Since we’ve been focusing on the VSU edamame project and the Extension field day taking place here to show people about edamame harvest and processing, can you tell us about your biggest challenges specifically related to growing edamame?
“So, I think the solid answer here is …..time and proper equipment. My husband and I both work full-time, so we have to prioritize and plan as well as we can. I have a 1953 Ford tractor and a 1965 IH tractor, along with all the implements I have needed – until edamame – for what I do. With these two tractors, I have prepared and I maintain about four acres of land holding all my plantings. The edamame needs a much larger tractor for harvesting – so long as I plan to harvest an acre or more at a time. Two pieces of equipment can be used for much smaller tracts, but the single row harvester needs a 75HP hydraulic tractor, which I had to rent this year. That was unexpected.
You have opted primarily to rely on cultural and mechanical controls to manage weeds and pest problems—tell us more about that.
“Another big commitment to the edamame is the weeding. I have a 2-row cultivator for the 60 rows, all about 200 long, which I planted in late May. I used it as often as the weather would permit (sometimes too dry and sometimes too wet – talk about Goldilocks and finding the conditions to be “just right”). But the cultivator can’t get to the base of the plants without risking losing the plants. So, we spent a lot of hours on hands and knees weeding the different vines that would choke my plants out. In the rows we didn’t get to weed manually, you can see the difference in the number of pods produced.”
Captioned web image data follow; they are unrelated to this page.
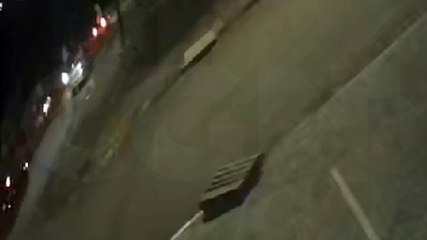 Câmera flagra acidente violento entre Ford Fiesta e Celta na rua Rio Tibagi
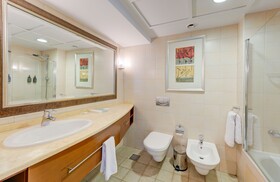 Millennium Lakeview Hotel
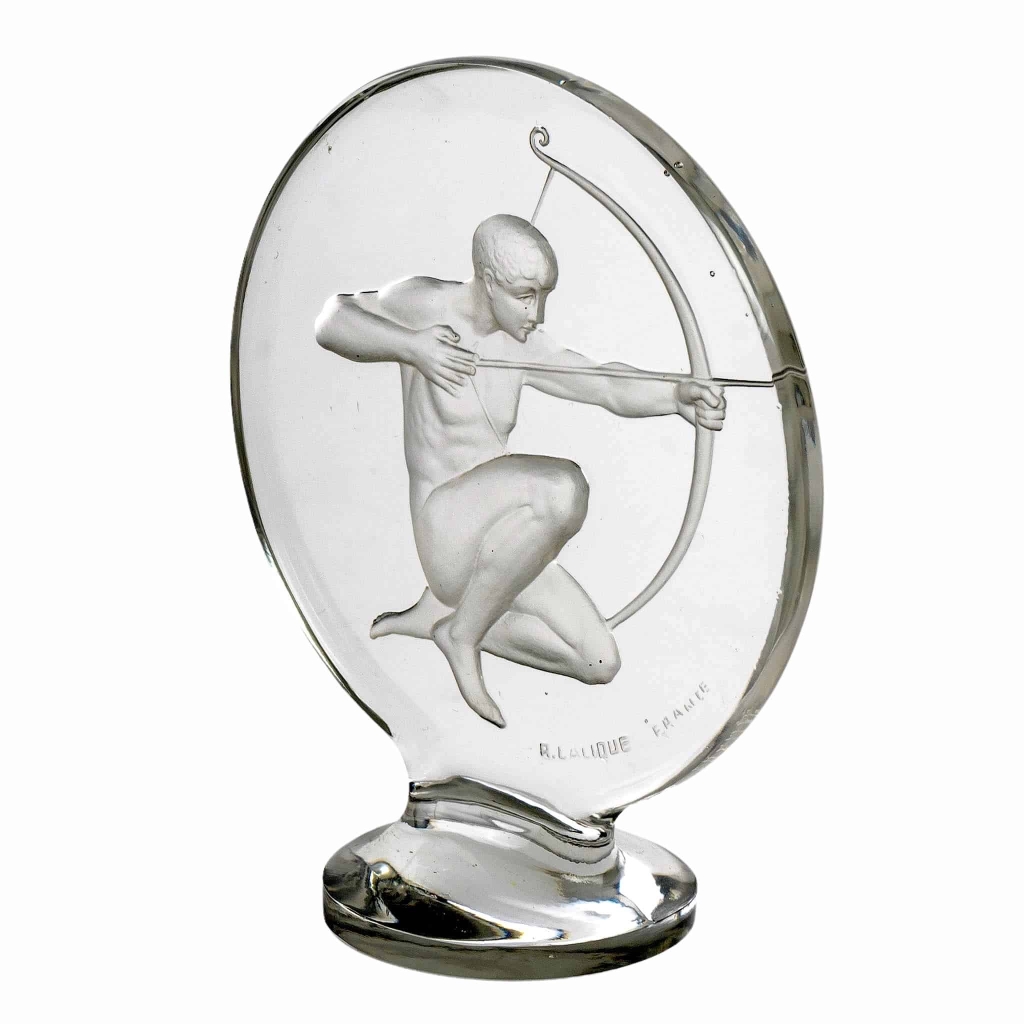 Mascotte Bouchon de Radiateur « Archer » verre blanc de René LALIQUE | Biron Mascotte Bouchon de Radiateur "Archer" verre blanc de René LALIQUE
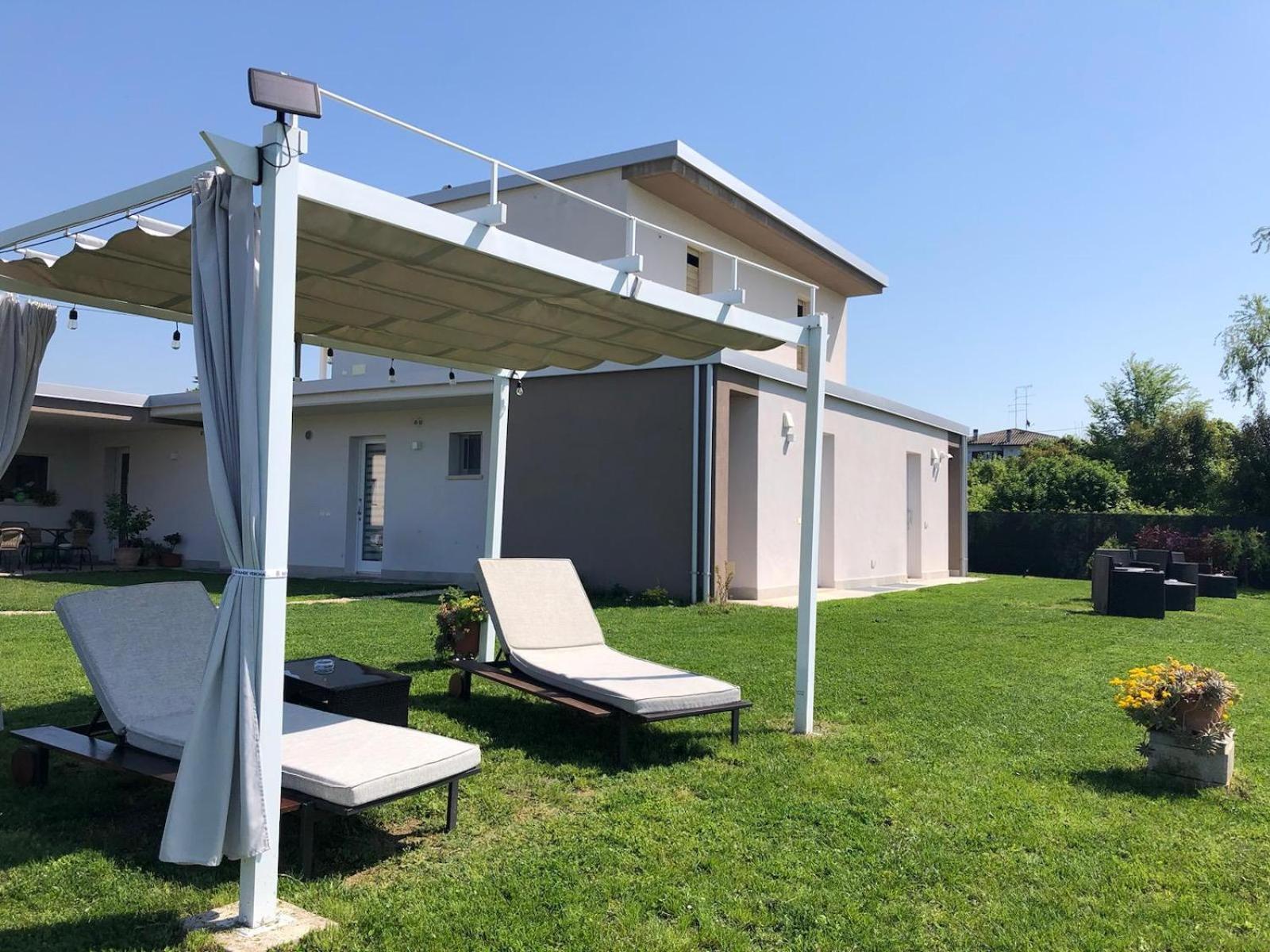 I Broletti Del Garda Hotel Pacengo Di Lazise Buitenkant foto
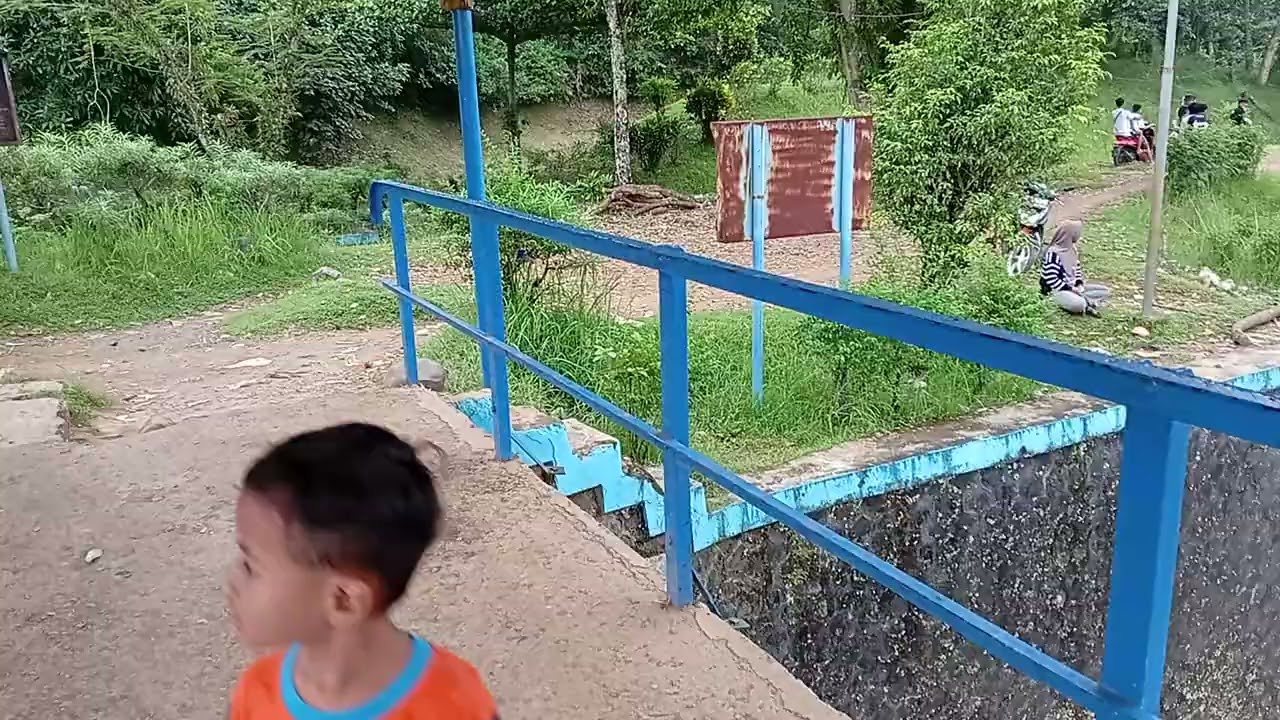 Jalan jalan di bendungan Leis kejene tugu Randudongkal pemalang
Do you irrigate your edamame?
“We pump water from the Slate River but we don’t have an ‘irrigation system’ – we used 2-300 gallon containers that you see mulch dye stored in, to pump 600 gallons into, then attach another pump on the outflow pushing to 2 sprinklers. We have to move the sprinklers every 2 hours to get water the entire acre plus. That would take most of a weekend to give all the edamame a good drink.”
You are doing what many people ask us about when they move out to this region or when they contact Extension to see what they can do on a few acres—you’re operating to produce your food on a small acreage by focusing on niche and specialty crops. Do you have any successes or farm accomplishments you’d like to share with anyone else who tries this out?
“I think my success and/or accomplishments in farming come from being willing to keep trying. We’ve pretty much given up on growing peaches, for example: after all these years, despite having large healthy looking trees, we’ve never had a fruit crop. Now the peach trees remain as a great early food for our bees. The peach trees SING in the early spring with bees on every blossom!
On the plus, we live a healthy life, not just because we consume pretty much only what we grow – but because we are willing to work for it. Farming isn’t easy even if you have all the newest and biggest equipment – you are climbing up and down; you are weeding on your hands and knees; you are picking the product by hand in most cases (all of the fruit is hand-picked), so you are walking a LOT. I think I am healthier now than when I lived in the big city and went to a gym – because I am getting full body exercise, fresh air and I know exactly where my food is coming from.”